─── STUDY MATERIAL ───

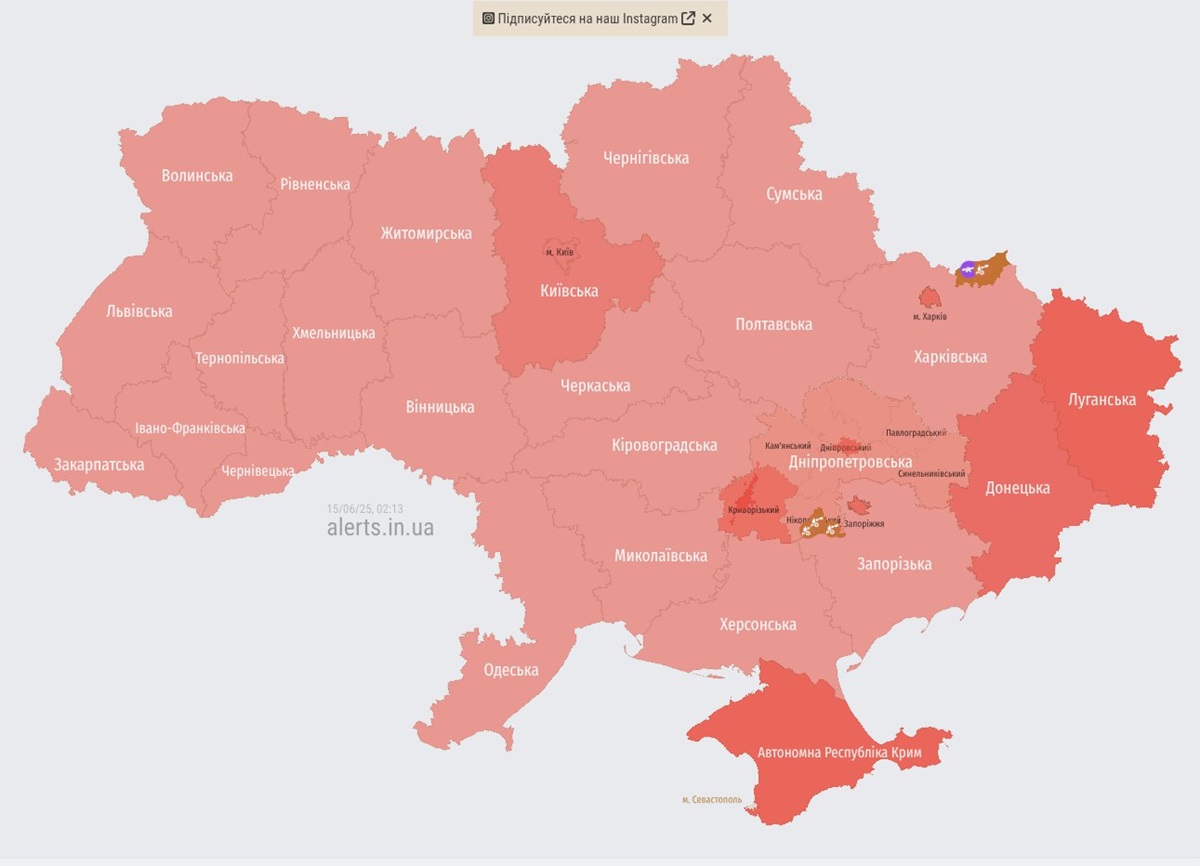 В Україні оголошено масштабну тривогу через зліт ворожих МіГ-31К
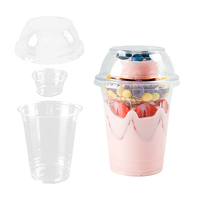 Gobelet en plastique transparent jetable en PET pour thé au lait à bulles, crème glacée, boissons froides, salades, avec couvercle
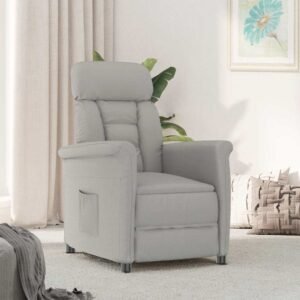 vidaXL Fauteuil Lichtgrijs Microvezel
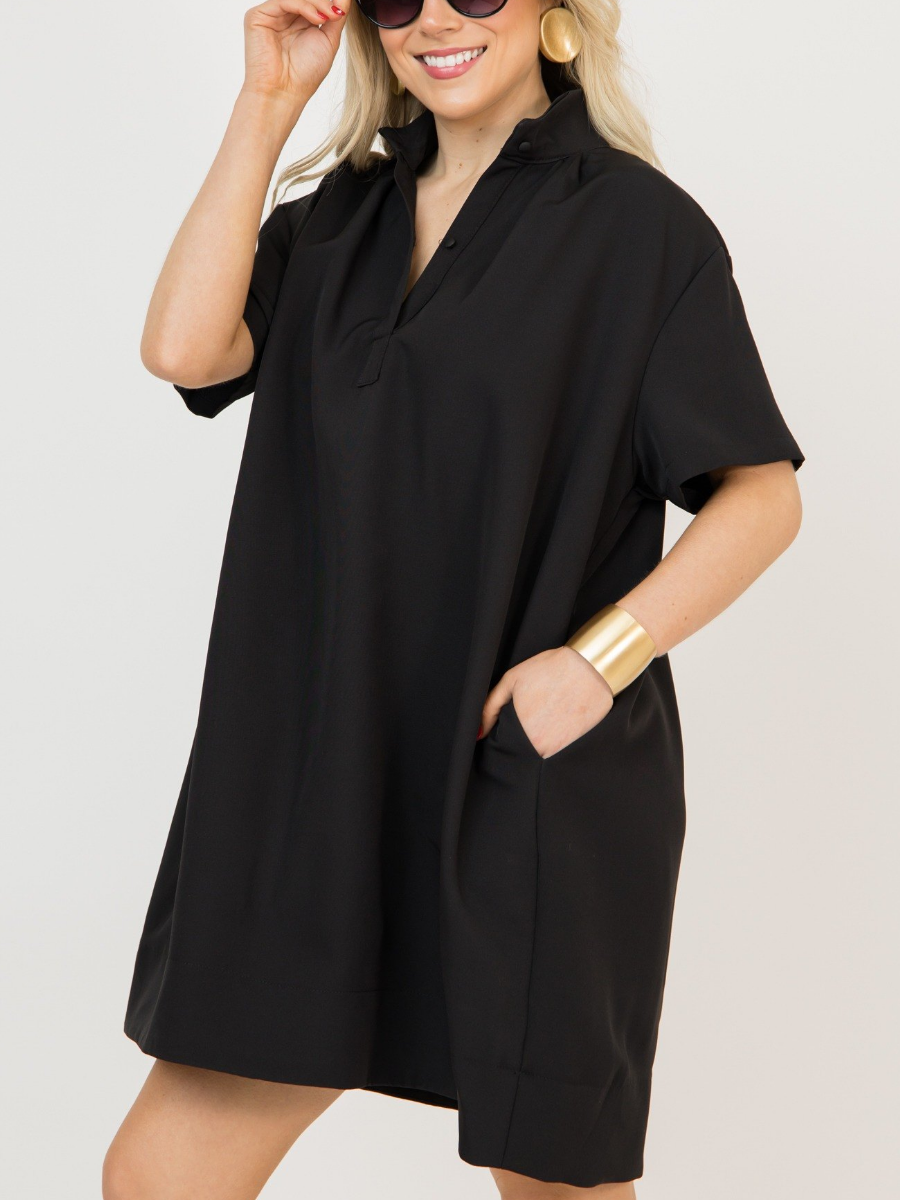 Black Ruffled Collar Shift Dress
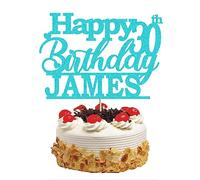 Personalised Happy Birthday Glitter Cake Topper with 10 Different Designs Cake Decorations with Any Name Age Party Cake Decoration for 1st 10th 13th 16th 18th 20th 21st 50th 80th (Design 2, Sky Blue)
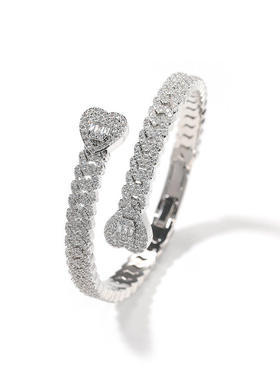 开口爱心古巴手镯铜镶锆石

───

* EXERCISE AIM *
Starting at the line that contains "Black Ruffled Collar Shift Dress", return every line through the end of the records above exactly as written, and return no pictures.

* EXERCISE OUTPUT *
 Black Ruffled Collar Shift Dress
 Personalised Happy Birthday Glitter Cake Topper with 10 Different Designs Cake Decorations with Any Name Age Party Cake Decoration for 1st 10th 13th 16th 18th 20th 21st 50th 80th (Design 2, Sky Blue)
 开口爱心古巴手镯铜镶锆石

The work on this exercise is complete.